Caption-style text data:

● ● ● ●

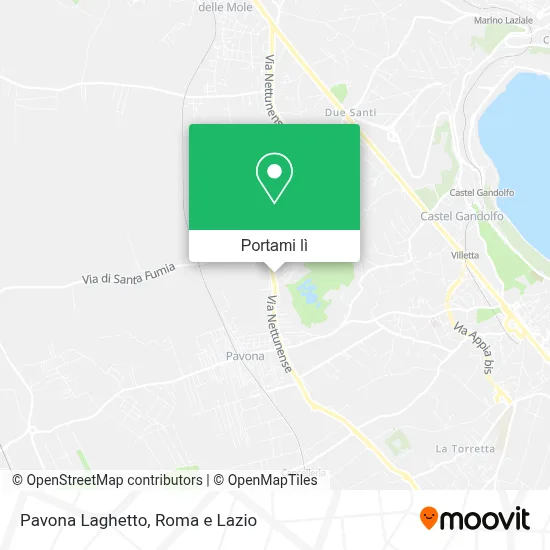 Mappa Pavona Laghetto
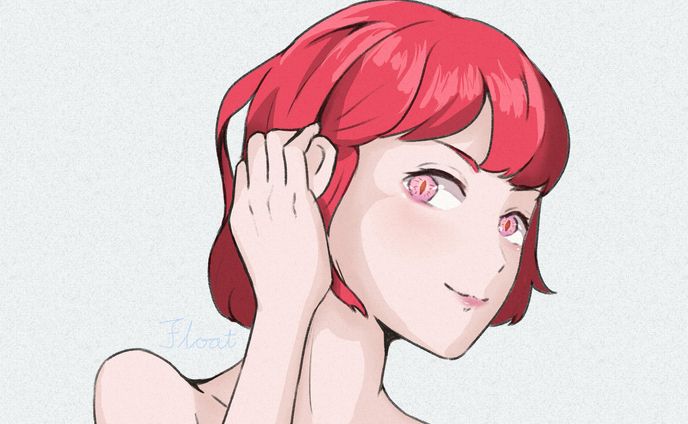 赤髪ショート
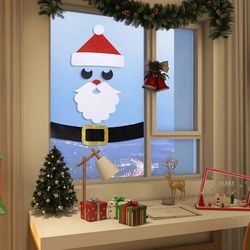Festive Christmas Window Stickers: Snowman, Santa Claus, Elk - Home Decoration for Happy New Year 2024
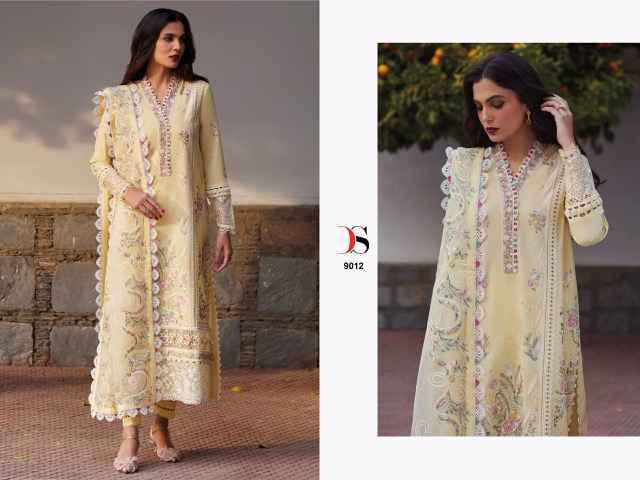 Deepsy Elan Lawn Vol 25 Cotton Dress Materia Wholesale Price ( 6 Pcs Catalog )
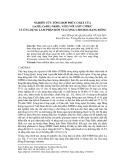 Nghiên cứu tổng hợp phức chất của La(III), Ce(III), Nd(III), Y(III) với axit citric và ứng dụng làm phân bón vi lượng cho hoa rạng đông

● ● ● ●

### WORK INSTRUCTION
If a record holds a picture, drop the picture and return the rest of it exactly.

### RESPONSE AREA
 Mappa Pavona Laghetto
 赤髪ショート
Festive Christmas Window Stickers: Snowman, Santa Claus, Elk - Home Decoration for Happy New Year 2024
 Deepsy Elan Lawn Vol 25 Cotton Dress Materia Wholesale Price ( 6 Pcs Catalog )
 Nghiên cứu tổng hợp phức chất của La(III), Ce(III), Nd(III), Y(III) với axit citric và ứng dụng làm phân bón vi lượng cho hoa rạng đông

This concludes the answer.